(Beginning of SUPPLIED RECORDS)

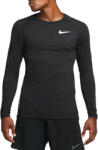 Nike Tricou cu maneca lunga Nike Pro Warm Sweatshirt Schwarz F010 dq5448-010 Marime L (dq5448-010) - top4running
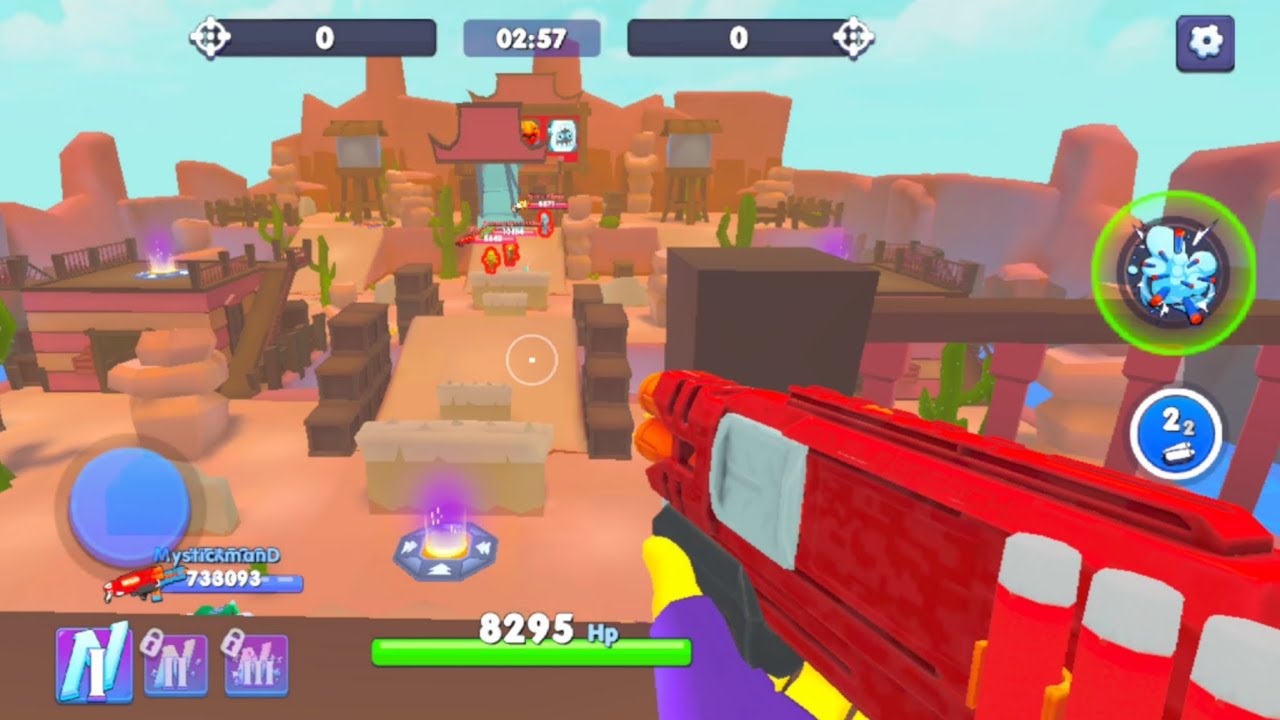 Nerf War | The Duel Battle #9 (Nerf First Person Shooter) Nerf War | The Duel Battle #9 (Nerf First Person Shooter)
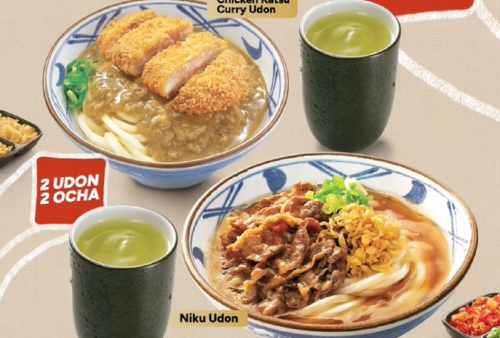 Promo Spesial 'Weekday Lunch' di Marugame Udon dengan Harga Terjangkau, Bisa Bebas Pilih Sesukamu!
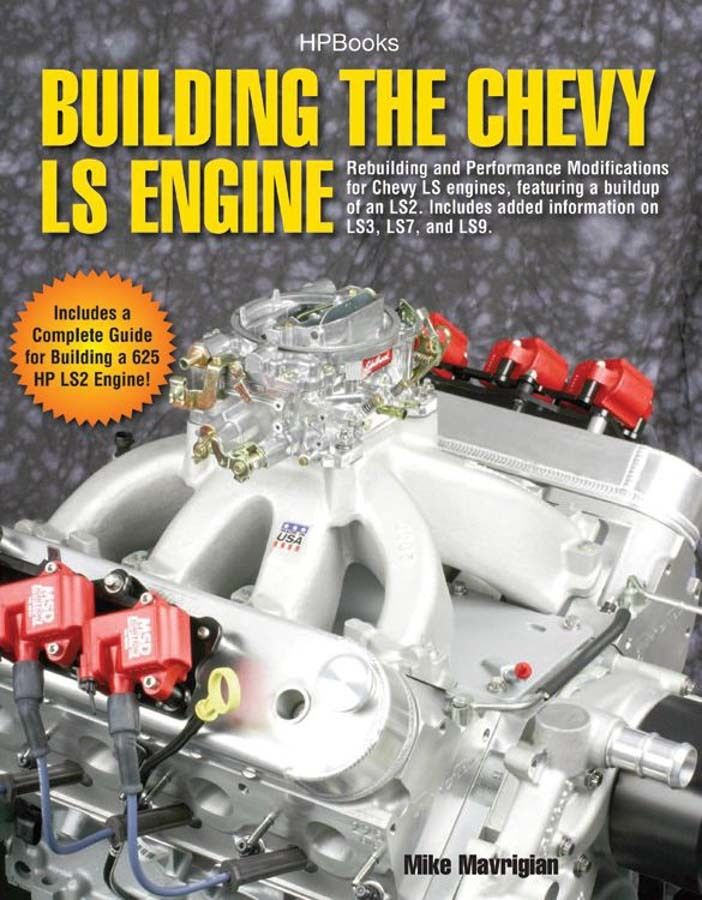 HP BOOKSBuilding Chevy LS Engine Book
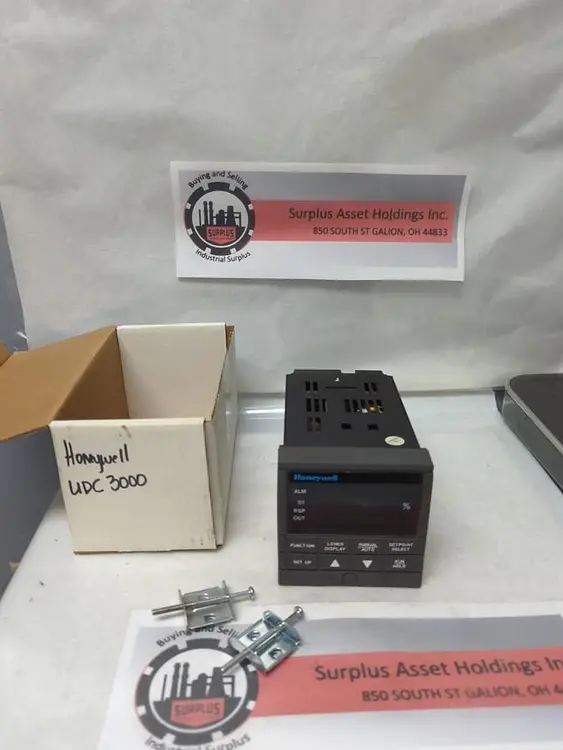 Used HONEYWELL UDC3000 Industrial Controls Ohio US | Surplus Asset Holdings #1242524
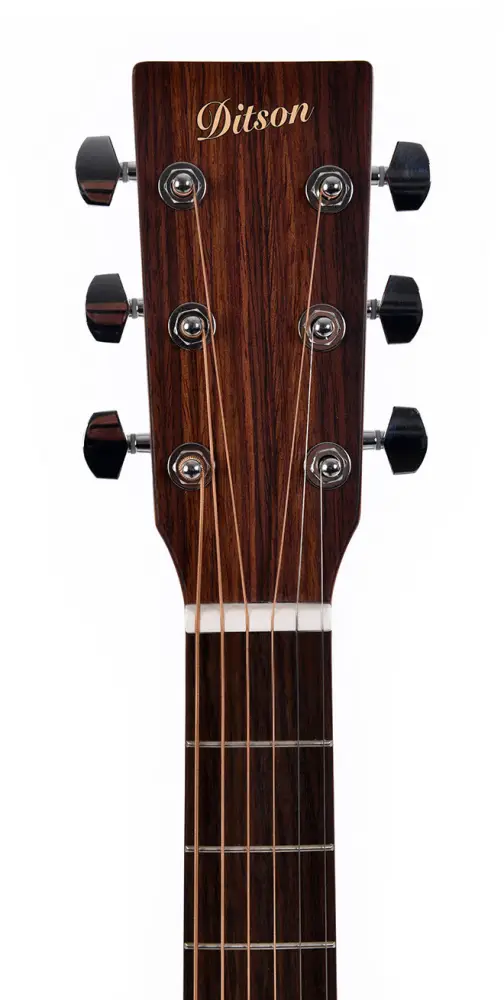 Ditson GC-15E-AGED Elektro Akustik Gitar - 3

(End of SUPPLIED RECORDS)

● **DIRECTIONS FOR THIS TASK**: Leaving out the pictures, print each line of the records above from the first up to and including the one that contains "HP BOOKSBuilding Chevy LS Engine Book", exactly as written.

● **RESPONSE TO THIS TASK**:
 Nike Tricou cu maneca lunga Nike Pro Warm Sweatshirt Schwarz F010 dq5448-010 Marime L (dq5448-010) - top4running
 Nerf War | The Duel Battle #9 (Nerf First Person Shooter) Nerf War | The Duel Battle #9 (Nerf First Person Shooter)
 Promo Spesial 'Weekday Lunch' di Marugame Udon dengan Harga Terjangkau, Bisa Bebas Pilih Sesukamu!
 HP BOOKSBuilding Chevy LS Engine Book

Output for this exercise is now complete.